While sentencing her, the judge dismissed a joint submission from Ishak and defense lawyer Russell Browne to take into account the time Mary Wagner had already served.
“You know, get a grip,” Clement said of Wagner. “She sure wouldn’t like it if somebody was standing on her doorstep everyday pushing her around. If I had the power to do that, that is what I would do. I would have somebody in her face every day, go and rattle her door. How would she like that?” said Clements.

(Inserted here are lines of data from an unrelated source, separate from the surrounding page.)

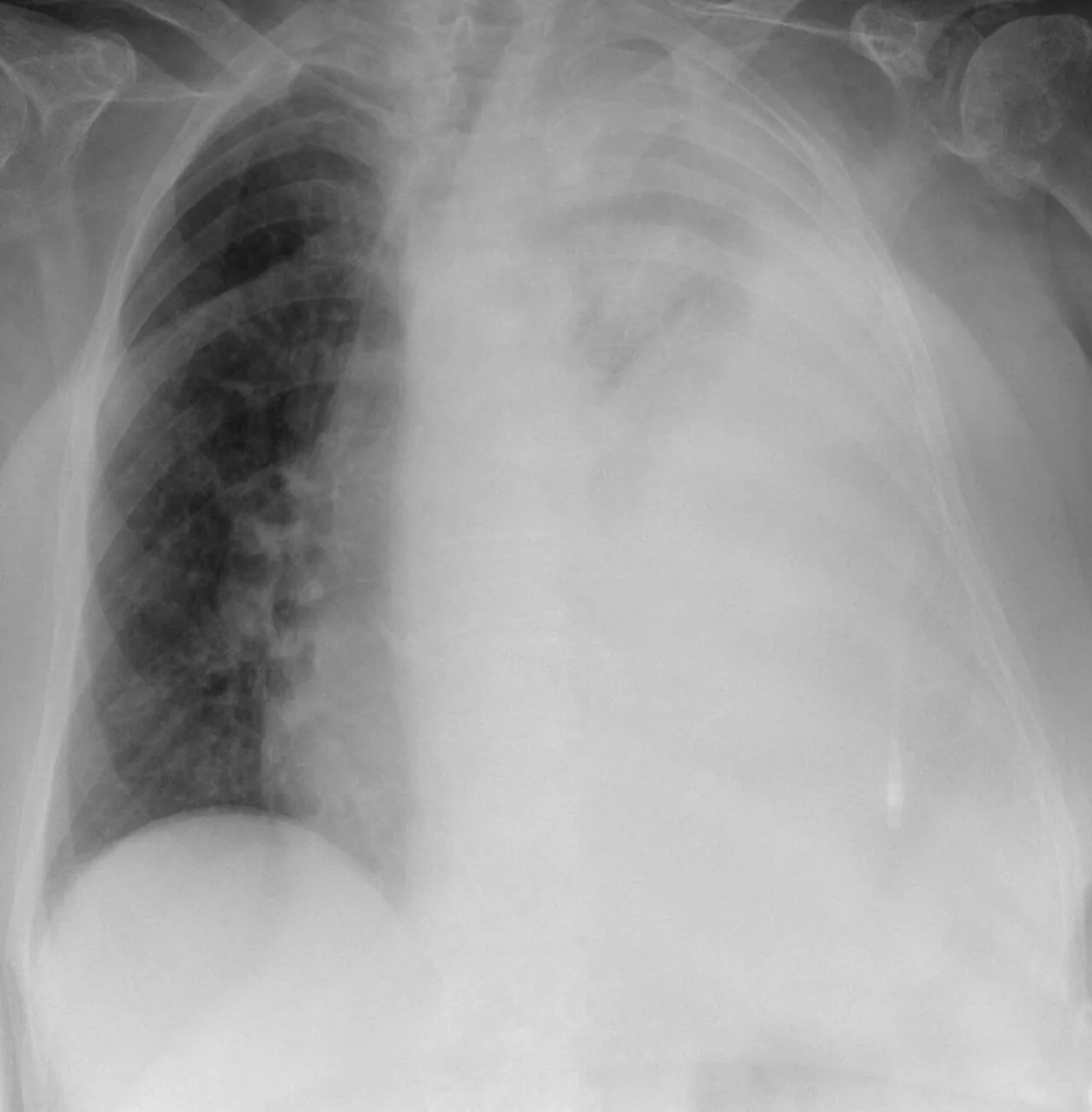 Chest radiograph for self-assessment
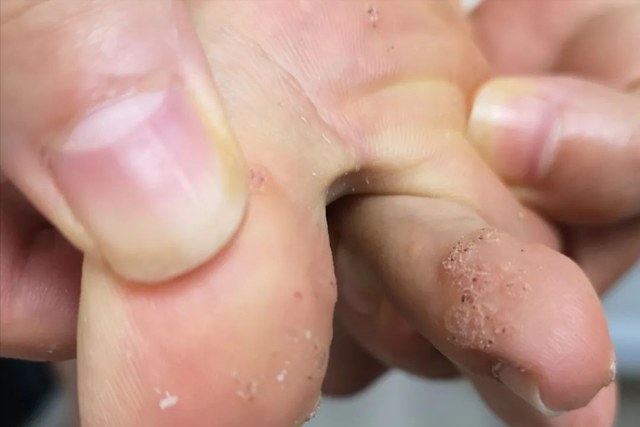 角化棘皮瘤的病理要点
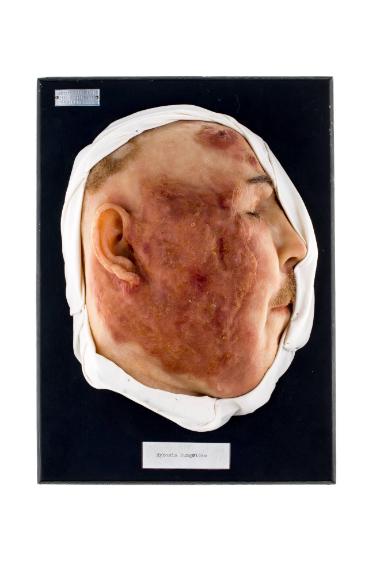 Mycosis Fungoides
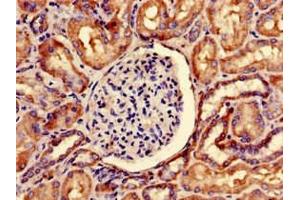 Immunohistochemistry of paraffin-embedded human kidney tissue using ABIN7169873 at dilution of 1:100 (SNRPD1 抗体  (AA 1-119))
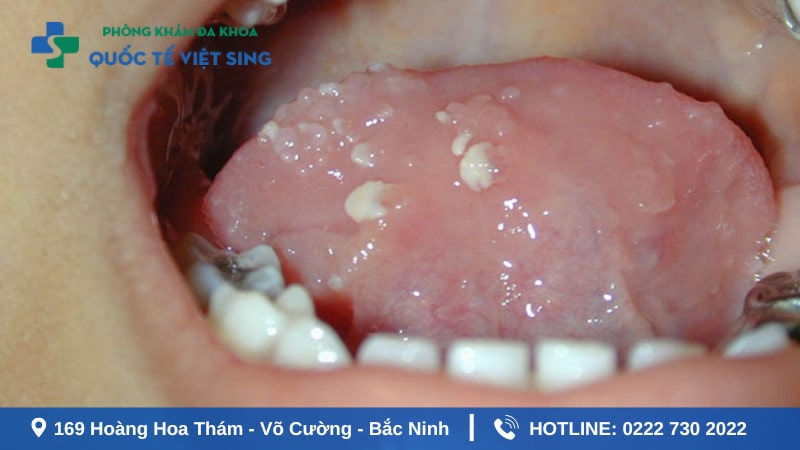 Hình ảnh sùi mào gà ở trên lưỡi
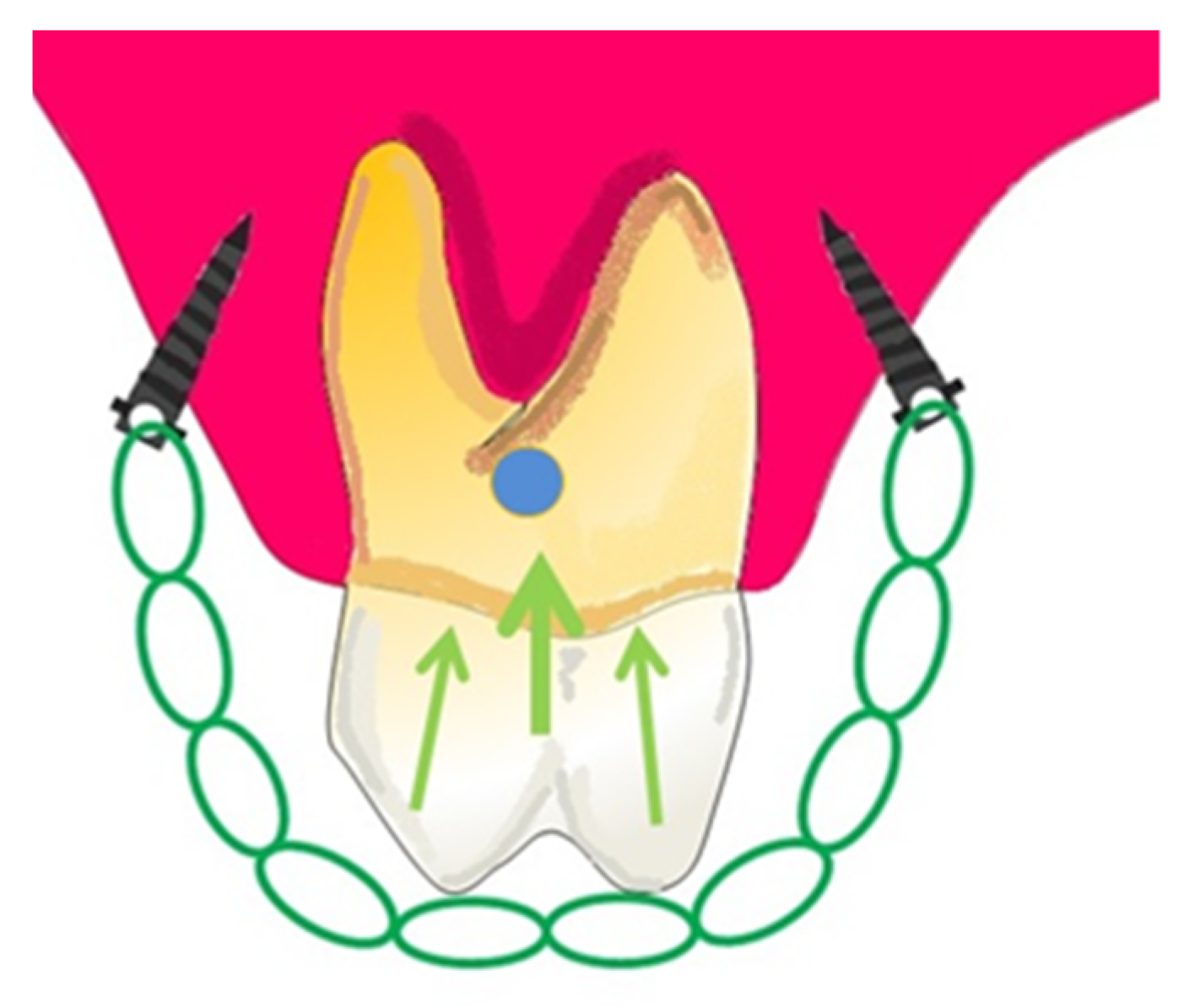 Applsci 13 09337 g006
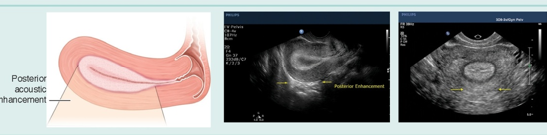 <p>what uterine phase is this (endometrial thickness)?</p>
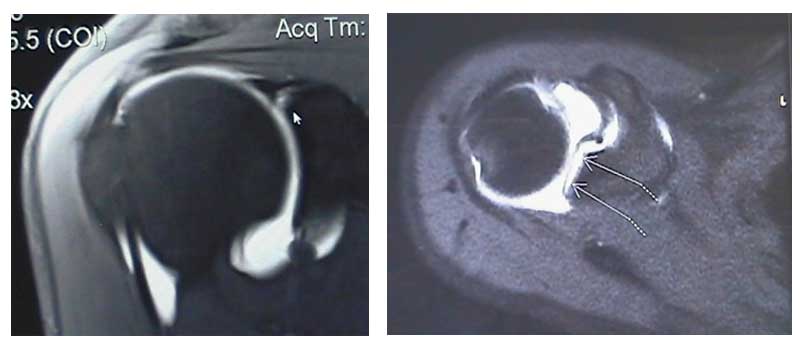 A MRI of a label tear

Wagner was released from prison on May 21. Her lawyer, Peter Boushy, is appealing her conviction. In a statement, Boushy said he will appeal the ruling because “I think it could certainly be argued on appeal that the justice’s conditional attack on the Christian God, along with the tenor and content of his other comments that day, gives rise to a reasonable apprehension – and I stress the word ‘apprehension’ – of bias by (the judge).”
Moreover, Bushy was concerned about Clements’ exchange with Wagner: “There is simply no authority under the Criminal Code for a judge to so engage an accused during the sentencing process since all accused have the time honoured right to remain silent.” Ultimately, the results of the debate between Wagner and the judge were “then used as an aggravating factor on sentence.”
Clements said abortion is legal, “that’s all you have to understand … you start causing people emotional pain and harm, you think that’s okay?”
Joanne McGarry, executive director of the Catholic Civil Rights League (CCRL), told The Interim that she was concerned about Clements’ statements because they “raised the issue of religious belief” and thus “diminished (the judge’s) credibility.” McGarry thought that this made the case “relevant” for an appeal, but stressed Clements ought not to be charged with judicial misconduct. McGarry said that she has seen similar behaviour from judges, though “not in those exact words in that exact setting.”
McGarry gave the example of Justice Ted Matlow who, a few years ago, initially denied the CCRL the opportunity to intervene in a prostitution case because of the group’s religious affiliation. The CCRL appealed the ruling and was afterwards allowed to intervene.
Boushy told The Interim he expects Mary Wagner’s appeal to be heard in the fall.